Not only did it feel good, it felt right. I felt as if I'd found my groove. In this economic slump, an environment of dwindling audience and growing competition for said audience's attention, simply giving without expectation of return on investment isn't generally thought of as the first or best plan of action, but it fits me.
The best part is that I've discovered it fits a lot of other people out there, too. I've had a tremendously positive response and feel like I'm finally settled where I want to be...right on the edge of all the fun where I can watch and participate without getting run over or worn out.
Today I came across an article that validated my search for marketing authenticity. I want to share a few quote from the article, as I could not illiterate my point of view any better. The piece was written by Michael Stelzner, co founder of Social Media Examiner and you can find the complete articleHERE -- definitely worth the read.
But here are a few passages that spoke to me...intimately:
- Have you noticed that everything is changing? Your industry advances, ideas expand, products morph and your customers move on. Similar to space travel, everything’s hurtling forward. Nothing remains still. Just when you think you have everything figured out, it all changes!
- We’ve been treating people like fish. We’ve been taught to simply crawl into a boat, paddle out to where the customers are, grab our reel and cast out on top of customers. Then just jiggle that bait the right way and you’ll be able to force a customer into your boat.
- If you want to connect with customers and attract raving fans, the solution is very simple: Focus on people.
I LOVE this!!
Now there's a concept -- boosting OTHERS, not just YOURSELF!! Wow, how novel!
- You can meet the needs of people by helping them solve their problems at no cost. When you help people with their smaller problems, many will look to you for their bigger issues.
- Great content PLUS other people MINUS marketing messages EQUALS growth!
- When you offer great content—such as detailed how-to articles, videos—that focuses on helping other people solve their problems, you’ll experience growth. Why? Because this type of content meets the needs of people. It doesn’t focus on you, your products or your company. It is a true gift to your audience.

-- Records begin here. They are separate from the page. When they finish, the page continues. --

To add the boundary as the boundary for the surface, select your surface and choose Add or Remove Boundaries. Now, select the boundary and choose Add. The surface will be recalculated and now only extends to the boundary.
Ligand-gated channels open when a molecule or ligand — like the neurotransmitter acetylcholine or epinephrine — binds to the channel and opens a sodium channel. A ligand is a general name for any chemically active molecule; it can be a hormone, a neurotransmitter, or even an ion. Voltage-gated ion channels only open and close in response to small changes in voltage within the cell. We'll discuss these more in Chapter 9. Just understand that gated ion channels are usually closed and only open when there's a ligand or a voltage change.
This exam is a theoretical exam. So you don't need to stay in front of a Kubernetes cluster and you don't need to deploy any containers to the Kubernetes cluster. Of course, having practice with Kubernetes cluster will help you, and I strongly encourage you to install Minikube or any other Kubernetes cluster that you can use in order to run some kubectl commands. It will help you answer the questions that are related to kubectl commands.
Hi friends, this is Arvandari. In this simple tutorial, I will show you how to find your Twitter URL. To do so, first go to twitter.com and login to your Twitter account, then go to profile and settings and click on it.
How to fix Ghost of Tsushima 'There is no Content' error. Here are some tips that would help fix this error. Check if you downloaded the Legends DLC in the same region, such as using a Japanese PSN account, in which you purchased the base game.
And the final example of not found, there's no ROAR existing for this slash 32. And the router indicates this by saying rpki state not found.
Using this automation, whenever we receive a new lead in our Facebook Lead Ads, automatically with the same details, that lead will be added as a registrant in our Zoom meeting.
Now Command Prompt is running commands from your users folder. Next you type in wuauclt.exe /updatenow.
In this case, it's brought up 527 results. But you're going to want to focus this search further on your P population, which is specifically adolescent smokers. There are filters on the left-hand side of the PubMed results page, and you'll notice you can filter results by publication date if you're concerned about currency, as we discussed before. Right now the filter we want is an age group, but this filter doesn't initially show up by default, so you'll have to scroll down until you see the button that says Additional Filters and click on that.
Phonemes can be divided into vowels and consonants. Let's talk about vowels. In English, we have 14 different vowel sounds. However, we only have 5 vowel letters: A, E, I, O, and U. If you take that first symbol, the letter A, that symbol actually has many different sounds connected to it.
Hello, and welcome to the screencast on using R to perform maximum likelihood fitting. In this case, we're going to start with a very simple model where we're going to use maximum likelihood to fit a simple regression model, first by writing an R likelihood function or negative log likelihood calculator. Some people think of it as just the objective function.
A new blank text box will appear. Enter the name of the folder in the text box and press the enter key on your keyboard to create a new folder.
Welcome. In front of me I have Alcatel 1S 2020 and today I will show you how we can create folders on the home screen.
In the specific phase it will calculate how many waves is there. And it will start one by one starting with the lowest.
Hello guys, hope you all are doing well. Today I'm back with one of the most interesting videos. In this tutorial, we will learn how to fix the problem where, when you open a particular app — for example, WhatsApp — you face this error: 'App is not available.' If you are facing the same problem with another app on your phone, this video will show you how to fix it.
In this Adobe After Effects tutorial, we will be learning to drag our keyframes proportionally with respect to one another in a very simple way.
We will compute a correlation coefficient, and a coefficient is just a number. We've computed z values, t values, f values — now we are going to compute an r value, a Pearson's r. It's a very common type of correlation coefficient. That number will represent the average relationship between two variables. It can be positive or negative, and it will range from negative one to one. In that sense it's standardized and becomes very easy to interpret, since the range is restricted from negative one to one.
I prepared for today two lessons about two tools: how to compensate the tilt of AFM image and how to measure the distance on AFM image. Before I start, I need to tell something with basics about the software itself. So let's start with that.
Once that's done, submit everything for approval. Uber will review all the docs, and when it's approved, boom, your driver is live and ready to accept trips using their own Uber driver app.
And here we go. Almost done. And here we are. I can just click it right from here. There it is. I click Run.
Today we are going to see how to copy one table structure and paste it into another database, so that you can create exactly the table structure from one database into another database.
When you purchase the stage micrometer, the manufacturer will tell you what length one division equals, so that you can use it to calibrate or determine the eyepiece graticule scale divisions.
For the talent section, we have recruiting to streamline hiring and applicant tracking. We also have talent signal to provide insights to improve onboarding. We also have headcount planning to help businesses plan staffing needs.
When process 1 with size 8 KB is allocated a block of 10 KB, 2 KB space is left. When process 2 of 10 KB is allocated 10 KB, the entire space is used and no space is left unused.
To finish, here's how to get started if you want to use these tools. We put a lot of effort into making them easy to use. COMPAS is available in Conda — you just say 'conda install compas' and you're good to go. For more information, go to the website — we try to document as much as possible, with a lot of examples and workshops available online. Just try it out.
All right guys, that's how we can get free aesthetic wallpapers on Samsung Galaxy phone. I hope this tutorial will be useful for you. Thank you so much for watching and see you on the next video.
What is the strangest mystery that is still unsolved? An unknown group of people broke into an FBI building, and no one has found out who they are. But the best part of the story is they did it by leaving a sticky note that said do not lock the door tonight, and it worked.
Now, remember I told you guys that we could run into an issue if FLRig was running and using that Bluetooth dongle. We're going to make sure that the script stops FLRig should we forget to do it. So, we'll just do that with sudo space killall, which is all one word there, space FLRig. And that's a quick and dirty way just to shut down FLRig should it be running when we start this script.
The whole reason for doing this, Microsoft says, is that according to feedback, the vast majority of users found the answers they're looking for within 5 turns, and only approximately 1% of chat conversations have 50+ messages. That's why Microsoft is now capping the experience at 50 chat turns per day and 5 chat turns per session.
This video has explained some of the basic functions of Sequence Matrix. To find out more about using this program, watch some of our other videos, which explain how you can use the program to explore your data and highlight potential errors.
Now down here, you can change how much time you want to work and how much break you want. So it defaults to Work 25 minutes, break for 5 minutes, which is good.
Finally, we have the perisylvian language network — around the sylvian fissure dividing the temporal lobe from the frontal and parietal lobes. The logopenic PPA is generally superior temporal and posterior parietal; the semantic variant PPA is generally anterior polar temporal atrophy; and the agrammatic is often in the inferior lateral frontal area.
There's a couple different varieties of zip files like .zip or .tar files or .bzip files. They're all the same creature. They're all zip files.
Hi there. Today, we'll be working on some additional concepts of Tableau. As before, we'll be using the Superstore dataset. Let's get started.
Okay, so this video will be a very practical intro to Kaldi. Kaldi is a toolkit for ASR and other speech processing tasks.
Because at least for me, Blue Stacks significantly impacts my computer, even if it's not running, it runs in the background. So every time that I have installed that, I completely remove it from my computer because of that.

- Once the marketing messages are caged, the focus of your company shifts from “What can we sell you?” to “How can we help you?” You shift from pitching products to boosting people.
Well, there you have it...in theory anyway. IMO, I love the theory, it works for me, it feels good and I'm going to stick with it.
- With the old forms of marketing, you pitch and sell. People ignore you and your business is at risk. With the new method, you give gifts, people trust you and you become indispensable.
- The result: You no longer need to sell! Instead, you demonstrate your expertise by the content you produce, the ideas you showcase, the stories you share and the people you attract. By creating a platform for others, you can also build strategic alliances, quickly grow a large following and dominate your industry.
- You have the chance to own the place people go to for help, eliminating your reliance on traditional marketing channels. You can become the center of your industry, niche or local market. And when that happens, you’re launched on an unstoppable trajectory that will take you places you never imagined possible.
I'm a big believer in karma. How about you? What are your thoughts on this theory?